Inquérito da Polícia Federal aponta que Heleno e Ramos usaram as instalações e aparatos públicos que controlam para tentar, sem sucesso, achar provas que depusessem contra a legitimidade das urnas eletrônicas. Segundo a investigação policial, Ramos articulou um encontro, no Palácio do Planalto, entre Bolsonaro e um técnico em eletrônica que dizia ter provas de fraude na votação de 2014. Além de colocar a Abin (Agência Brasileira de Inteligência, subordinada ao GSI) para trabalhar para encontrar problemas nas urnas, Heleno também esteve com o técnico, de acordo com o site G1.
Os generais da reserva vão até o limite da lei na sua empreitada golpista, com o objetivo de causar comoção popular, medo e autocensura na população para, assim, tentar influir no resultado a ser apurado (e possivelmente contestado) em outubro nas urnas em todo o país. “Não são só bravatas, é estratégia de espalhar temor para garantir que o projeto político que lhes fornece benesses seja vitorioso”, diz o historiador Carlos Fico, professor titular da Universidade Federal do Rio de Janeiro. É o que ele define como a guerra psicológica travada pelos militares desde a proclamação da República.

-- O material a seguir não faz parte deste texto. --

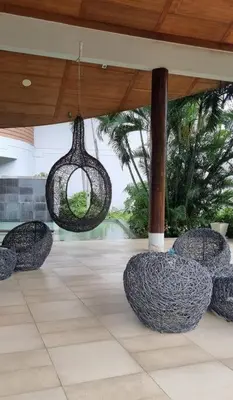 a patio with three chairs and a hanging light at Apartment Karon 62 sq in Karon Beach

A linhagem de Heleno e Ramos é antiga. Em 1889, a República foi proclamada a partir do golpe militar liderado pelo marechal Deodoro da Fonseca, que ecoava a insatisfação dos militares com a falta de reconhecimento por parte da monarquia. Achavam que o prestígio popular de que gozavam depois da vitória na Guerra do Paraguai não era transformado em benefícios materiais concedidos pelo poder político.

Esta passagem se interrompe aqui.